[RECORDS SUPPLIED]
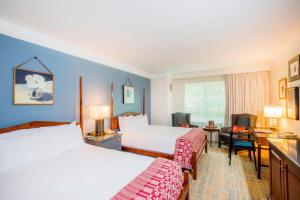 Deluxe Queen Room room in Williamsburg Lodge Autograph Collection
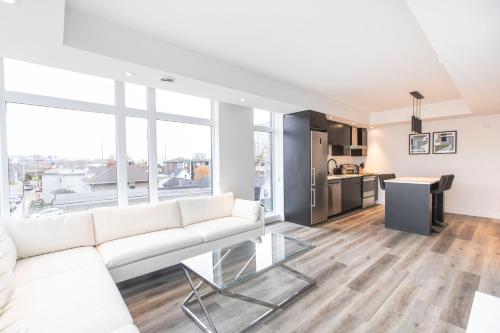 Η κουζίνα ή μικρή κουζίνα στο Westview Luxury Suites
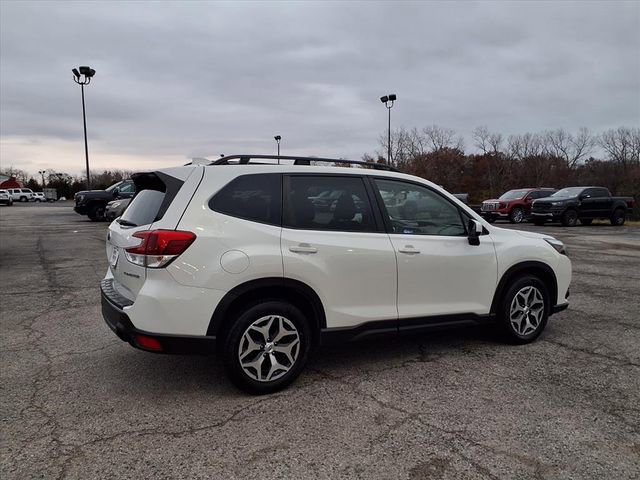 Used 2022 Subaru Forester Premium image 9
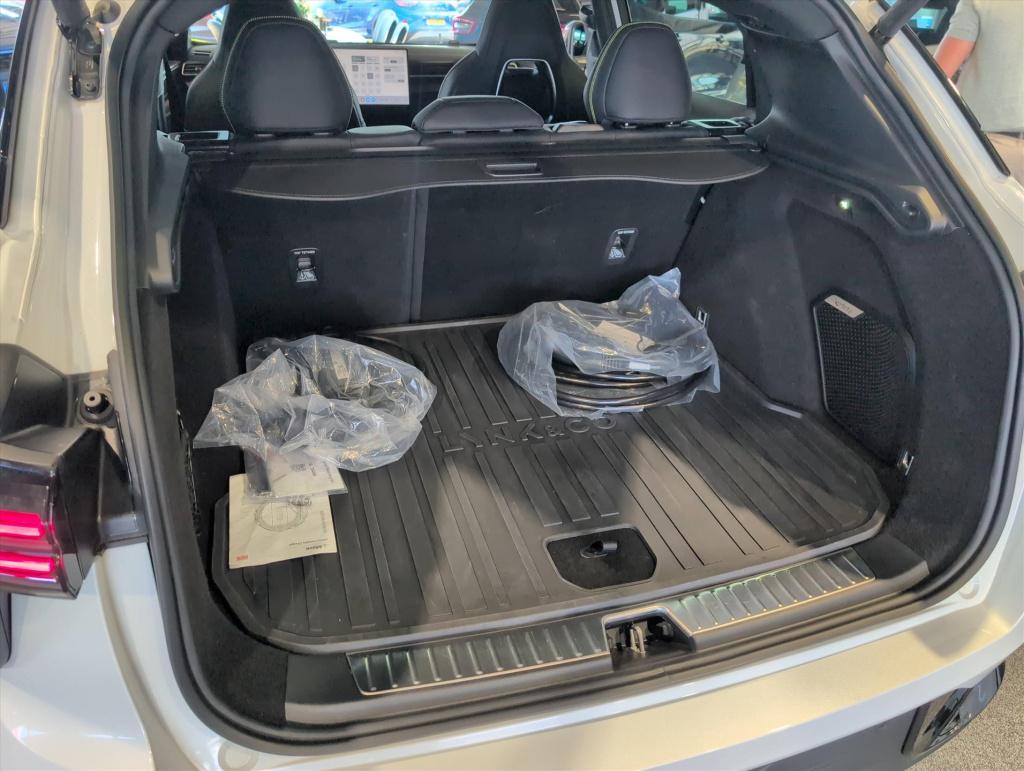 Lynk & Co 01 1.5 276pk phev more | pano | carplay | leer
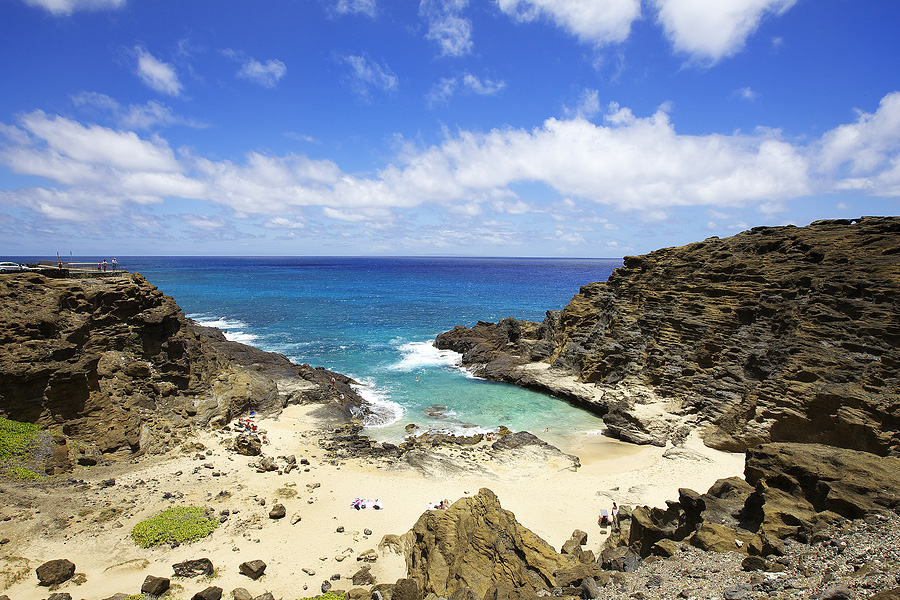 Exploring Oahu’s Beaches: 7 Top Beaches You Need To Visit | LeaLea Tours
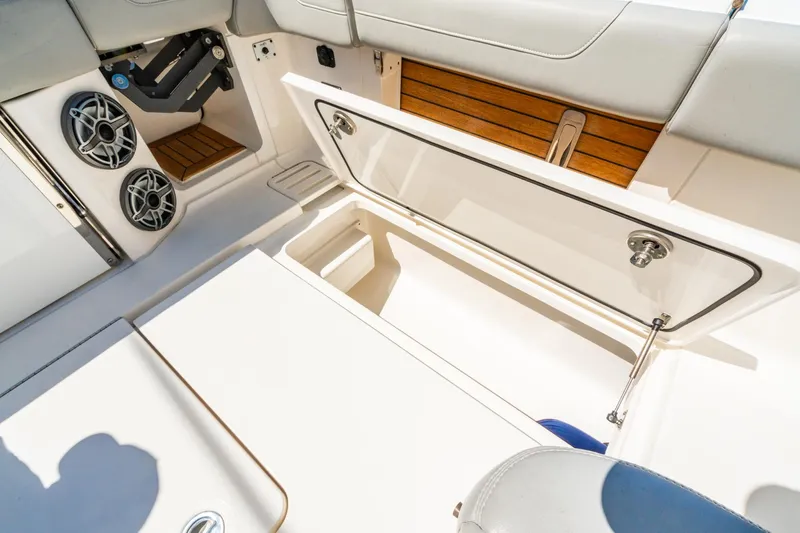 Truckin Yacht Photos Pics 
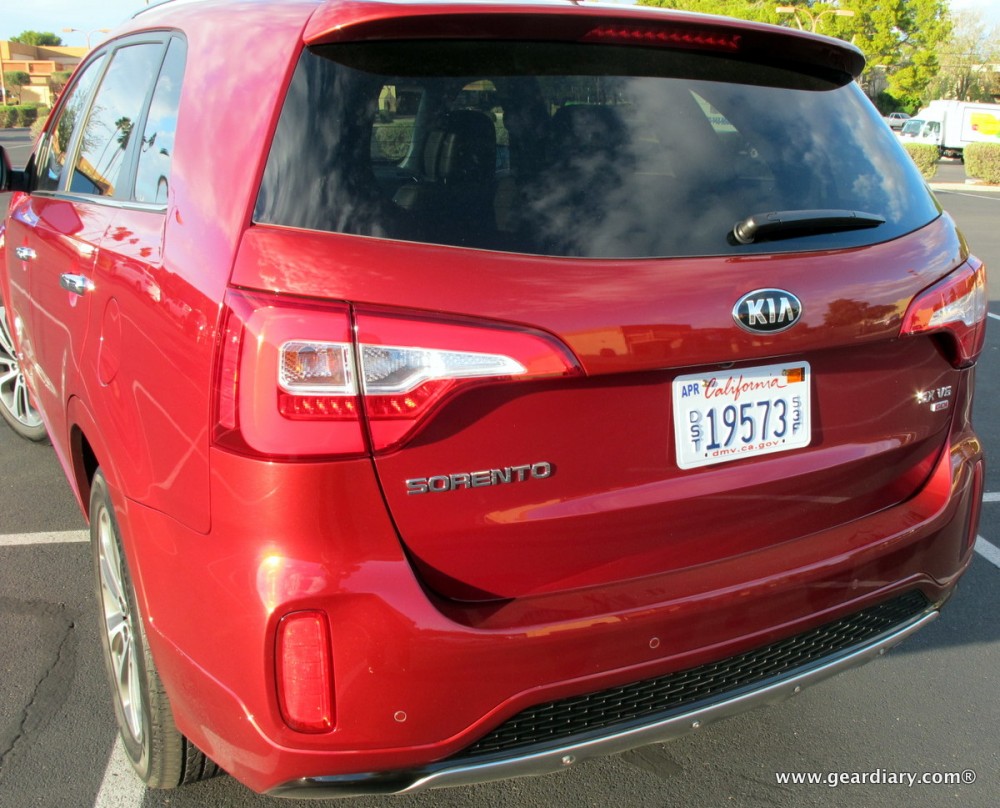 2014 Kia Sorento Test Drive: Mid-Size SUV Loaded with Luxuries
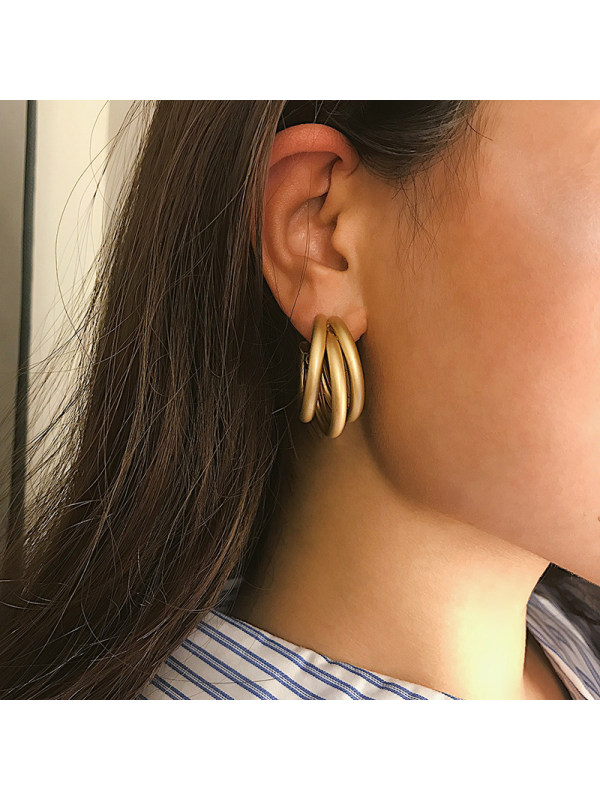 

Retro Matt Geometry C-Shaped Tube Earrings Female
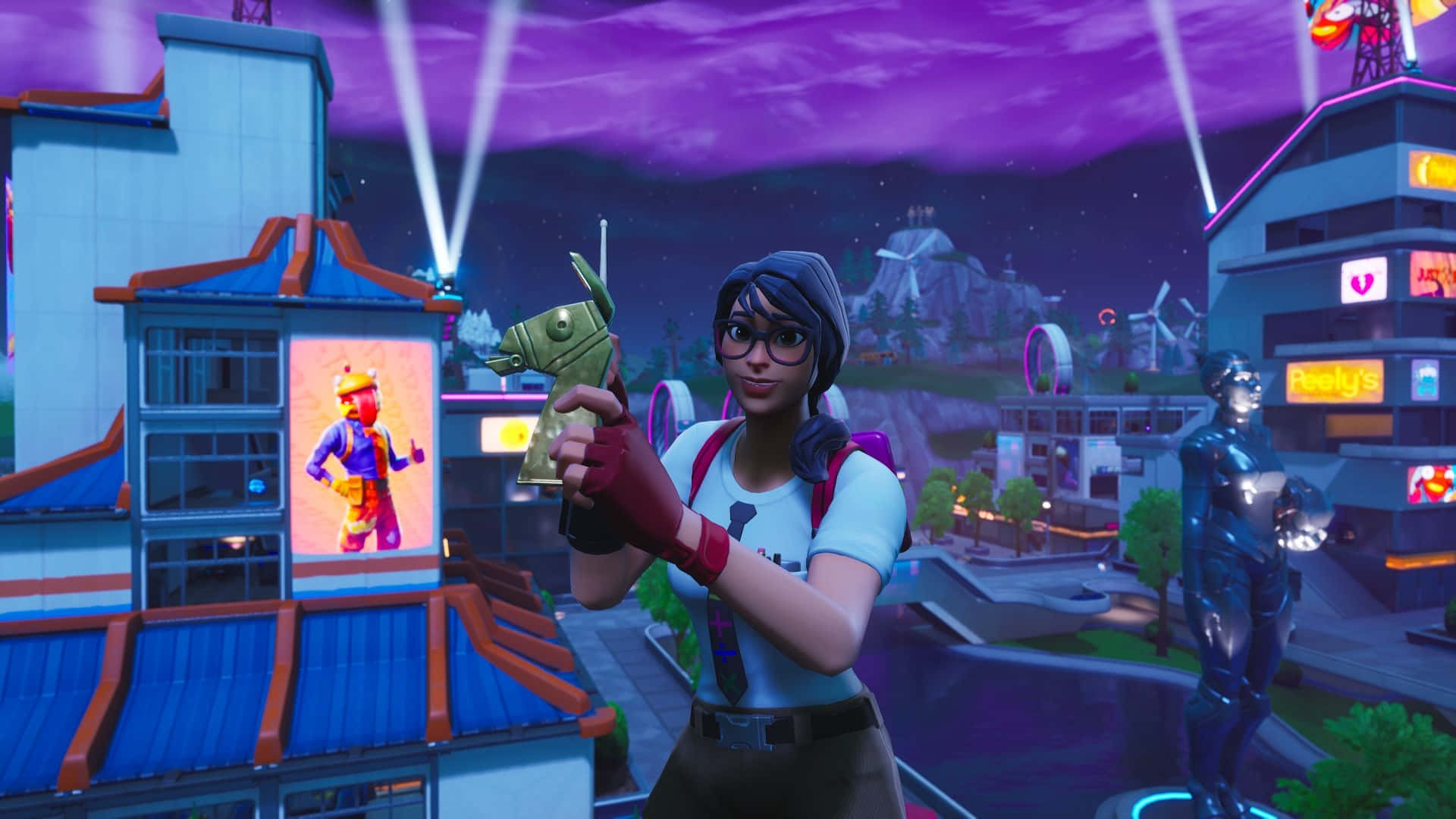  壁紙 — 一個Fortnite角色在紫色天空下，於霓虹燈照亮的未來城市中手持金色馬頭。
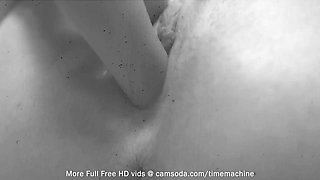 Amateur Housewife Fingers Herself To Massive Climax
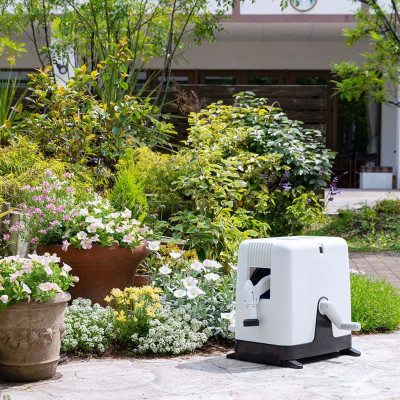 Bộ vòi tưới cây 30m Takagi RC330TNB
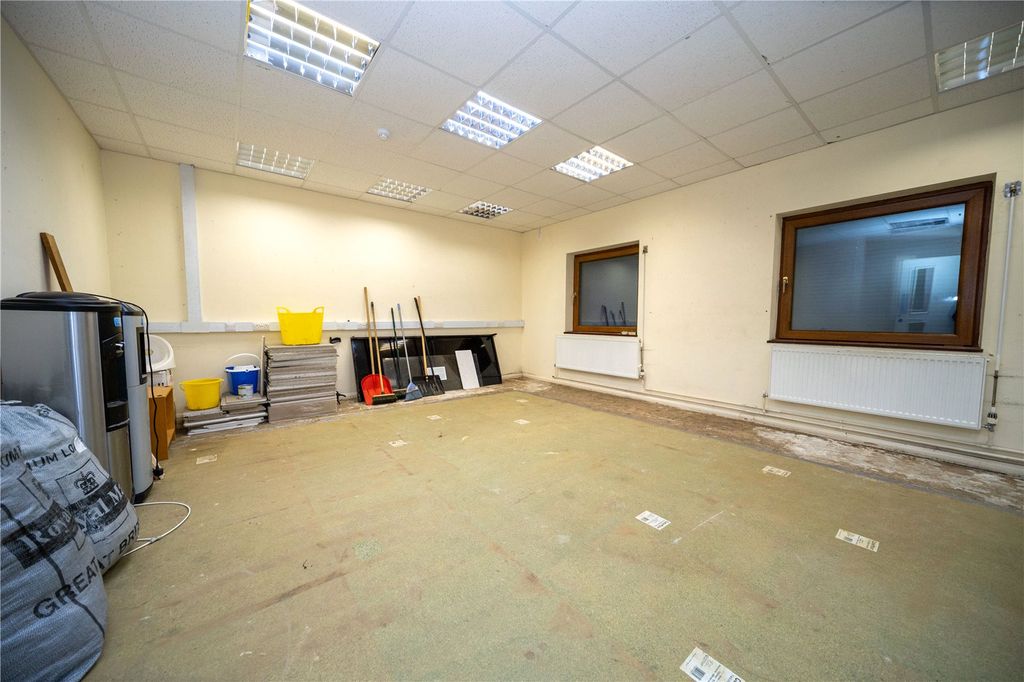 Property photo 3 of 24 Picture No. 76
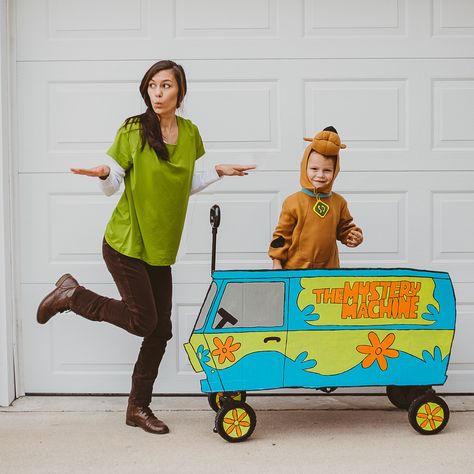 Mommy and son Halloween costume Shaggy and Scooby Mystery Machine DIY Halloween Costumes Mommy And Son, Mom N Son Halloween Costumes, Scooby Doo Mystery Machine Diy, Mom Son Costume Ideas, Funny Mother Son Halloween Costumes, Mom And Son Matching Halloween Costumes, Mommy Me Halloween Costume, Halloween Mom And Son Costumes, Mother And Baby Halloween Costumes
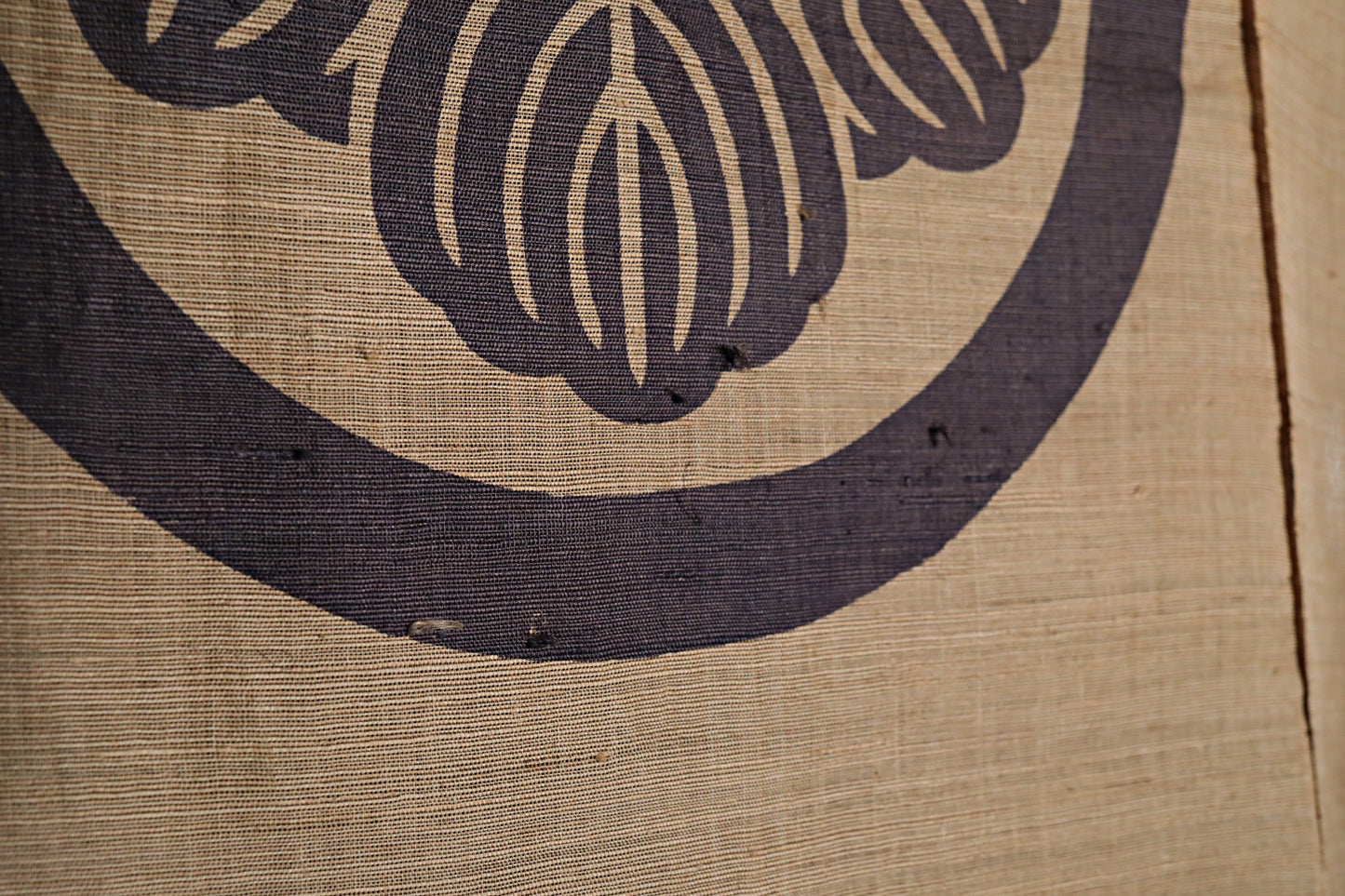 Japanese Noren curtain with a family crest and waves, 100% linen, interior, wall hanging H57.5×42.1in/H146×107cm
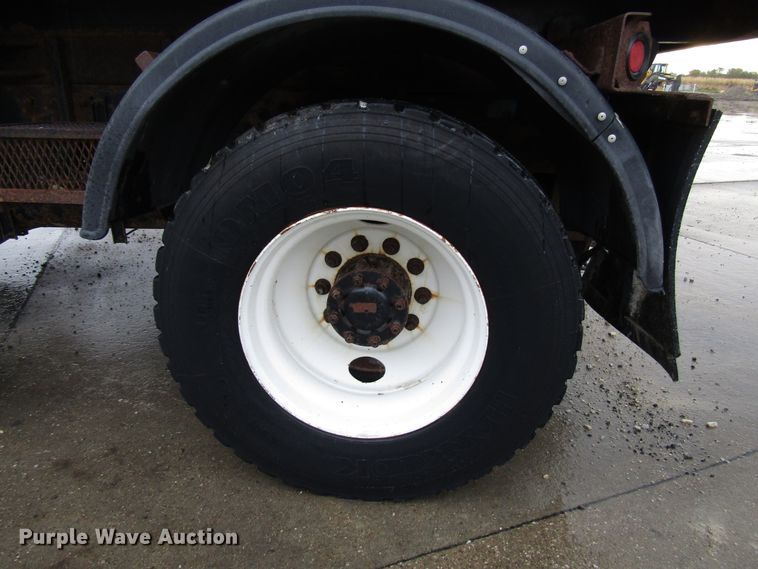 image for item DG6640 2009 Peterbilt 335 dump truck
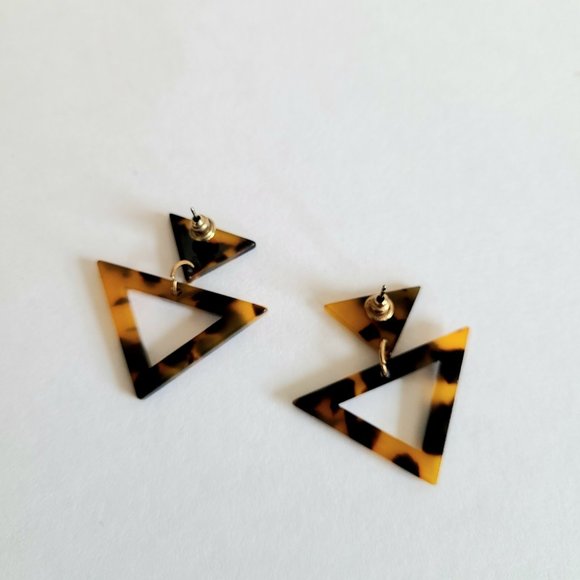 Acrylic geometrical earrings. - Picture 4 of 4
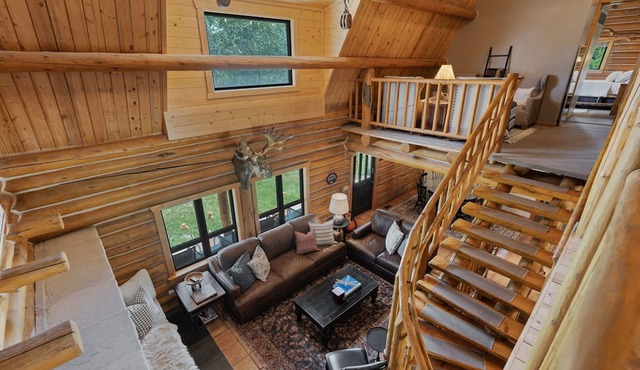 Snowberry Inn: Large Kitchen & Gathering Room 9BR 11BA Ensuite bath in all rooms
[/RECORDS SUPPLIED]
WHAT THE EXERCISE ASKS: For this exercise, the lines from the one containing "Amateur Housewife Fingers" through the last line of the entries above are to be output exactly, both included, and pictures are skipped.

ANSWER FOR THE TASK:
 Amateur Housewife Fingers Herself To Massive Climax
 Bộ vòi tưới cây 30m Takagi RC330TNB
 Property photo 3 of 24 Picture No. 76
 Mommy and son Halloween costume Shaggy and Scooby Mystery Machine DIY Halloween Costumes Mommy And Son, Mom N Son Halloween Costumes, Scooby Doo Mystery Machine Diy, Mom Son Costume Ideas, Funny Mother Son Halloween Costumes, Mom And Son Matching Halloween Costumes, Mommy Me Halloween Costume, Halloween Mom And Son Costumes, Mother And Baby Halloween Costumes
 Japanese Noren curtain with a family crest and waves, 100% linen, interior, wall hanging H57.5×42.1in/H146×107cm
 image for item DG6640 2009 Peterbilt 335 dump truck
 Acrylic geometrical earrings. - Picture 4 of 4
 Snowberry Inn: Large Kitchen & Gathering Room 9BR 11BA Ensuite bath in all rooms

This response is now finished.